With so much to do, Dunedin is a destination that appeals to all types of travelers. Discover why Dunedin is deemed a UNESCO-designated “City of Literature,” sample craft beers, or marvel at unique wildlife. Filled with museums, historical points of interest, and incredible views, there really is plenty about this unique city that will enchant you.
Here are 13 of the best things to do in Dunedin.
Stroll the Dunedin Botanical Garden
Immerse yourself in the gorgeous grounds of the Dunedin Botanical Gardens, home to more than 6,000 species of plants and impressive bird life. The sprawling property has been dazzling visitors for more than 150 years, and is recognized as the country’s first botanical gardens.
Tour the upper and lower gardens, where you’ll find highlights such as a duck pond, the rose and herb house, the alpine house, and the impressive camellia collection which also features one of the largest rock gardens around the globe.
Marvel at plants from all over the world, such as the flowering South African King Protea as you stroll through the Geographic Plant Collection, which are grouped by continent. Learn about desert, tropical, and subtropical species in the historic Edwardian-style Winter Garden Glasshouse.
Take photographs of the awe-inspiring views that New Zealand is known for from the hillside terraces and wander through the detailed Japanese garden, with its own bamboo grove.
After, an onsite café is a great spot for refreshments. Or pack a picnic lunch to eat on the lawn surrounded by Mother Nature’s beauty.
Visit Larnach Castle
Head to New Zealand’s only castle, situated on the Otago Peninsula just 20 minutes from the heart of Dunedin. This historical point of interest dates back to the 19th century and was built by William Larnach, a Scottish merchant and politician.
Open 365 days a year, the restored Victorian structure and gardens are a top attraction for visitors to the South Island. Enjoy incredible views from the crenelated tower, tour the numerous rooms filled with original New Zealand period furniture, artifacts, and artwork, where you can learn about the historical significance of this landmark.
Wander the seven acres of spectacular gardens surrounding the castle, where you can see Scottish heathers, rhododendrons, azaleas, and much more along the network of pathways.
For a bucket-list experience, reserve a table for the popular High Tea, hosted within the massive 3,000-square-foot ballroom. This is the most elegant setting imaginable in which to tuck into dainty sandwiches, pretty cakes, and scones with jam and cream.
Taste Local Beer
Head to New Zealand’s best-known brewery, open since the late 19th century, and located right in the center of town. Speight’s Brewery is the oldest continually operating brewery in the country, a great place to enjoy both beer and history while visiting one of the best cities in New Zealand.
Learn about the company’s backstory and method of production with an interactive tour around the establishment, before tasting the different varieties offered.

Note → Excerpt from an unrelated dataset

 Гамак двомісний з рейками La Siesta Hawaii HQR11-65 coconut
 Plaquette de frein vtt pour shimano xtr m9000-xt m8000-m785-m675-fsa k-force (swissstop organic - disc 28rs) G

Learn how to “pull a beer” the correct way and then sip famous brews such as the well-loved Gold Medal Ale. Wash it all down with a selection of items from the brewery’s menu, like the delicious Triple Star Pie or the Ale House Loaf.
For beer lovers, this is one of the best ways to spend a few hours in Dunedin and shouldn’t be missed.
Paddle the Coast of the Otago Peninsula
Soak up the scenery of New Zealand’s ruggedly beautiful Otago Peninsula with a sea kayaking expedition. Starting in Otago Harbour, this paddling adventure will take you along the coast towards the Otago Reserve, where blue penguins, yellow-eyed penguins, fur seals, sea lions, and royal albatrosses reside.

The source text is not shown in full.